Amazon EC2 Spot Workshops > EKS with Karpenter > Karpenter > Consolidation

Consolidation

STOP Please note: this EKS and Karpenter workshop version is now deprecated since the launch of Karpenter v1beta, and has been updated to a new home on AWS Workshop Studio here: Karpenter: Amazon EKS Best Practice and Cloud Cost Optimization.

This workshop remains here for reference to those who have used this workshop before, or those who want to reference this workshop for running Karpenter on version v1alpha5.
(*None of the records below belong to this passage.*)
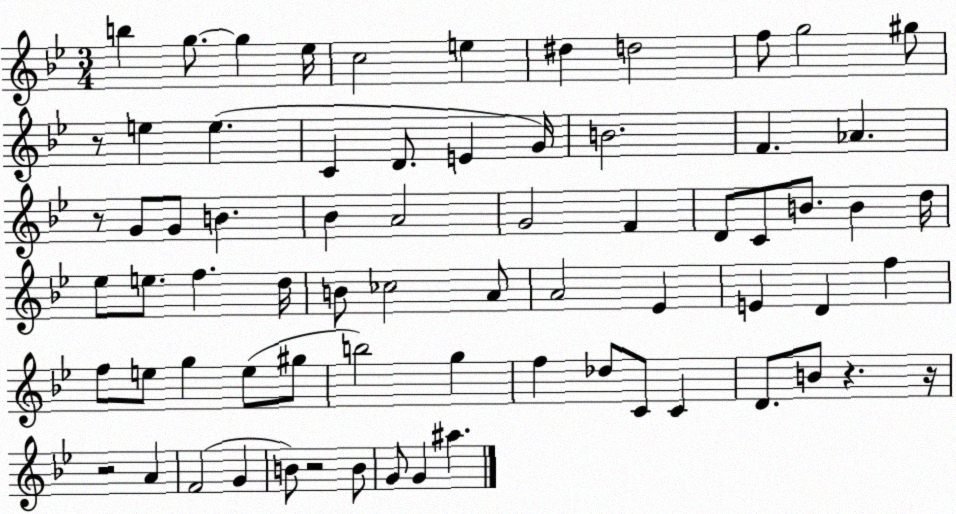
X:1
T:Untitled
M:3/4
L:1/4
K:Bb
b g/2 g _e/4 c2 e ^d d2 f/2 g2 ^g/2 z/2 e e C D/2 E G/4 B2 F _A z/2 G/2 G/2 B _B A2 G2 F D/2 C/2 B/2 B d/4 _e/2 e/2 f d/4 B/2 _c2 A/2 A2 _E E D f f/2 e/2 g e/2 ^g/2 b2 g f _d/2 C/2 C D/2 B/2 z z/4 z2 A F2 G B/2 z2 B/2 G/2 G ^a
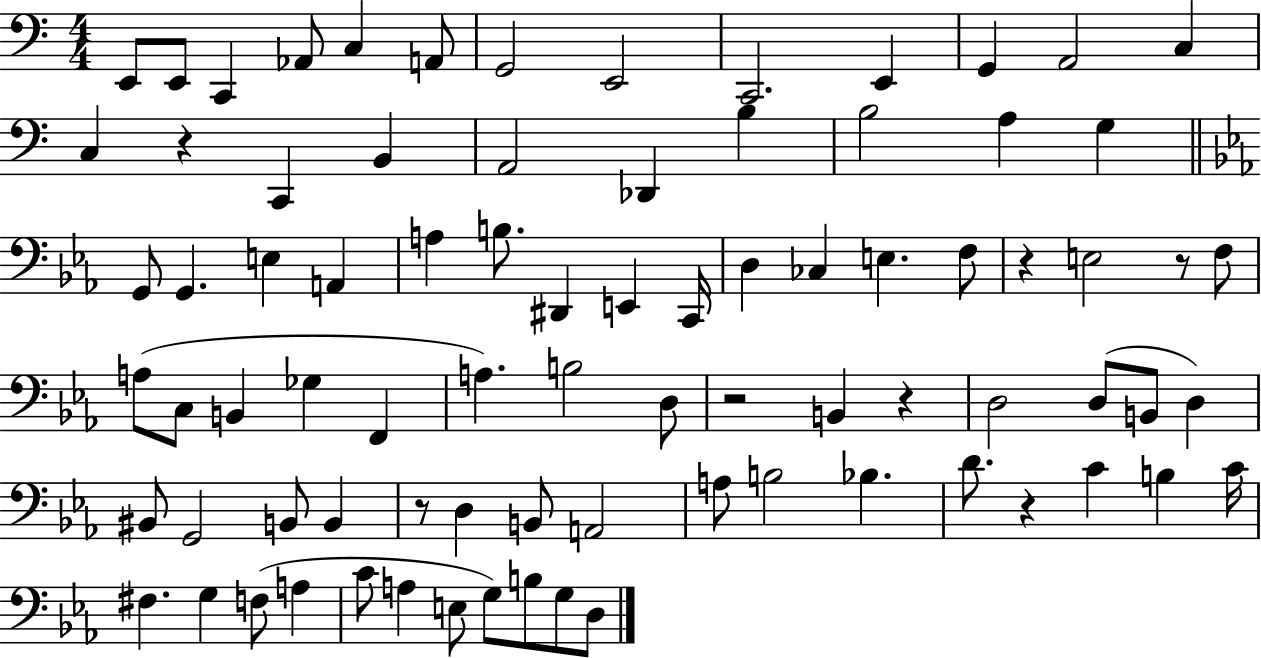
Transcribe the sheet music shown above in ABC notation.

X:1
T:Untitled
M:4/4
L:1/4
K:C
E,,/2 E,,/2 C,, _A,,/2 C, A,,/2 G,,2 E,,2 C,,2 E,, G,, A,,2 C, C, z C,, B,, A,,2 _D,, B, B,2 A, G, G,,/2 G,, E, A,, A, B,/2 ^D,, E,, C,,/4 D, _C, E, F,/2 z E,2 z/2 F,/2 A,/2 C,/2 B,, _G, F,, A, B,2 D,/2 z2 B,, z D,2 D,/2 B,,/2 D, ^B,,/2 G,,2 B,,/2 B,, z/2 D, B,,/2 A,,2 A,/2 B,2 _B, D/2 z C B, C/4 ^F, G, F,/2 A, C/2 A, E,/2 G,/2 B,/2 G,/2 D,/2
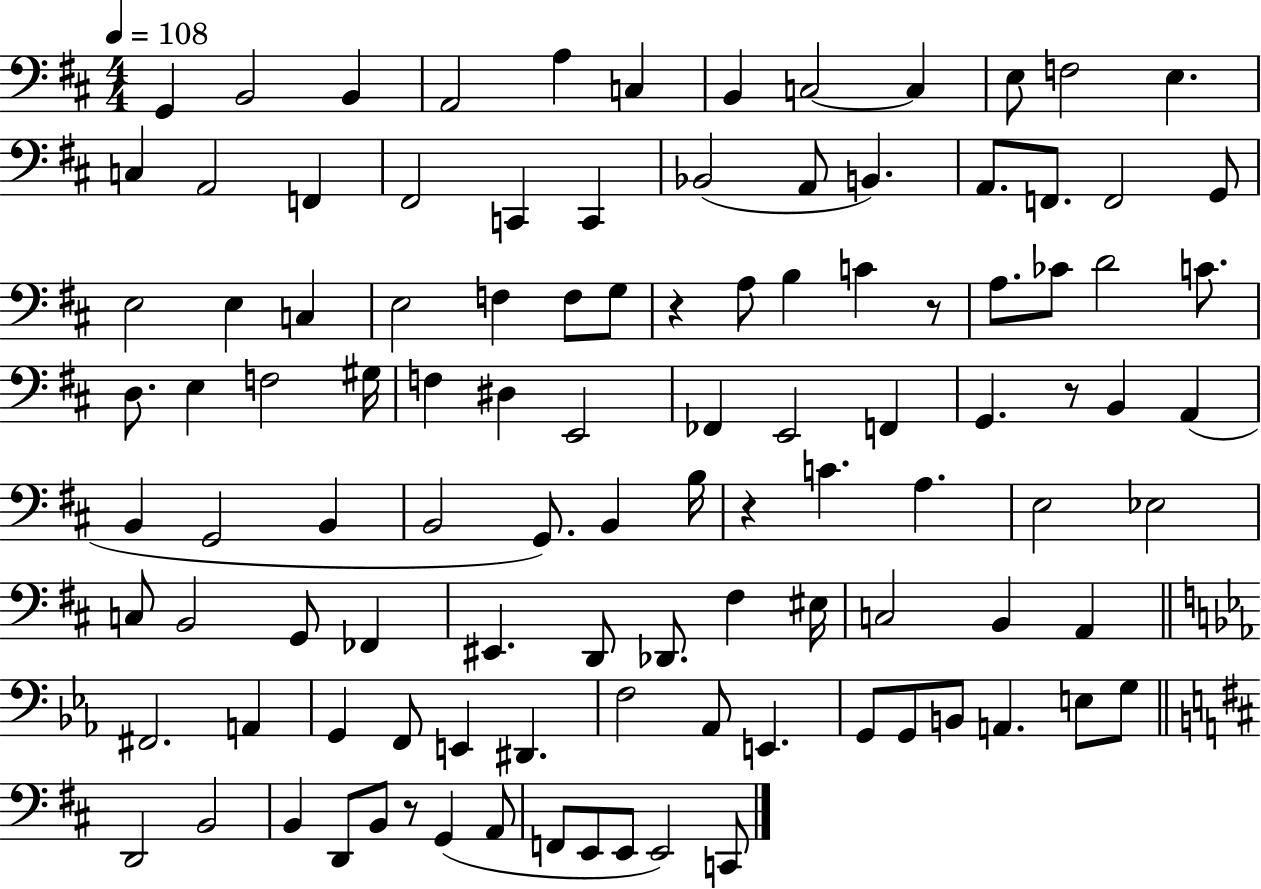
{
  \clef bass
  \numericTimeSignature
  \time 4/4
  \key d \major
  \tempo 4 = 108
  g,4 b,2 b,4 | a,2 a4 c4 | b,4 c2~~ c4 | e8 f2 e4. | \break c4 a,2 f,4 | fis,2 c,4 c,4 | bes,2( a,8 b,4.) | a,8. f,8. f,2 g,8 | \break e2 e4 c4 | e2 f4 f8 g8 | r4 a8 b4 c'4 r8 | a8. ces'8 d'2 c'8. | \break d8. e4 f2 gis16 | f4 dis4 e,2 | fes,4 e,2 f,4 | g,4. r8 b,4 a,4( | \break b,4 g,2 b,4 | b,2 g,8.) b,4 b16 | r4 c'4. a4. | e2 ees2 | \break c8 b,2 g,8 fes,4 | eis,4. d,8 des,8. fis4 eis16 | c2 b,4 a,4 | \bar "||" \break \key ees \major fis,2. a,4 | g,4 f,8 e,4 dis,4. | f2 aes,8 e,4. | g,8 g,8 b,8 a,4. e8 g8 | \break \bar "||" \break \key b \minor d,2 b,2 | b,4 d,8 b,8 r8 g,4( a,8 | f,8 e,8 e,8 e,2) c,8 | \bar "|."
}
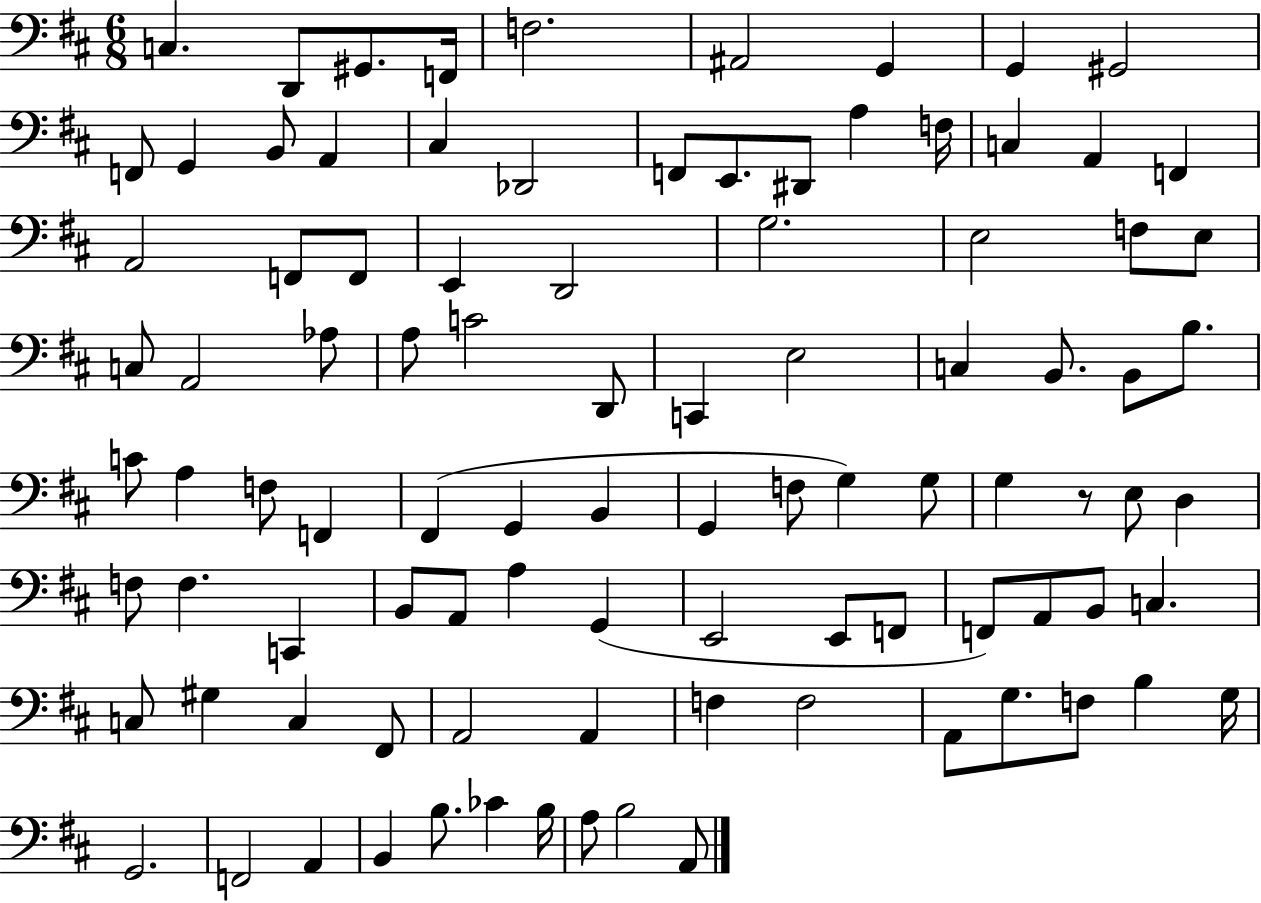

In the previous section we did set the default provisioner configured with a specific ttlSecondsAfterEmpty. This instructs Karpenter to remove nodes after ttlSecondsAfterEmpty of a node being empty. Note Karpenter will take Daemonset into consideration.We also know that nodes can be removed when they reach the ttlSecondsUntilExpired. This is ideal to force node termination on the cluster while bringing new nodes that will pick up the latest AMI’s.

Automated deprovisioning is configured through the ProvisionerSpec .ttlSecondsAfterEmpty, .ttlSecondsUntilExpired and .consolidation.enabled fields. If these are not configured, Karpenter will not default values for them and will not terminate nodes.

There is another way to configure Karpenter to deprovision nodes called Consolidation. This mode is preferred for workloads such as microservices and is imcompatible with setting up the ttlSecondsAfterEmpty . When set in consolidation mode Karpenter works to actively reduce cluster cost by identifying when nodes can be removed as their workloads will run on other nodes in the cluster and when nodes can be replaced with cheaper variants due to a change in the workloads.

Before we proceed to see how Consolidation works, let’s change the default provisioner configuration:

cat <<EOF | kubectl apply -f -
apiVersion: karpenter.sh/v1alpha5
kind: Provisioner
metadata:
  name: default
spec:
  consolidation:
    enabled: true
  labels:
    intent: apps
  requirements:
    - key: karpenter.sh/capacity-type
      operator: In
      values: ["on-demand"]
    - key: karpenter.k8s.aws/instance-size
      operator: NotIn
      values: [nano, micro, small, medium, large]
  limits:
    resources:
      cpu: 1000
      memory: 1000Gi
  ttlSecondsUntilExpired: 2592000
  providerRef:
    name: default
---
apiVersion: karpenter.k8s.aws/v1alpha1
kind: AWSNodeTemplate
metadata:
  name: default
spec:
  subnetSelector:
    karpenter.sh/discovery: eksspotworkshop
  securityGroupSelector:
    karpenter.sh/discovery: eksspotworkshop
  tags:
    KarpenerProvisionerName: "default"
    NodeType: "karpenter-workshop"
    IntentLabel: "apps"
EOF

When consolidation is enabled it is recommended you configure requests=limits for all non-CPU resources. As an example, pods that have a memory limit that is larger than the memory request can burst above the request. If several pods on the same node burst at the same time, this can cause some of the pods to be terminated due to an out of memory (OOM) condition. Consolidation can make this more likely to occur as it works to pack pods onto nodes only considering their requests.

Challenge

You can use Kube-ops-view or just plain kubectl cli to visualize the changes and answer the questions below. In the answers we will provide the CLI commands that will help you check the resposnes. Remember: to get the url of kube-ops-view you can run the following command kubectl get svc kube-ops-view | tail -n 1 | awk '{ print "Kube-ops-view URL = http://"$4 }'. Note the current version of Kube-ops-view sometimes takes time to reflect the correct state of the cluster.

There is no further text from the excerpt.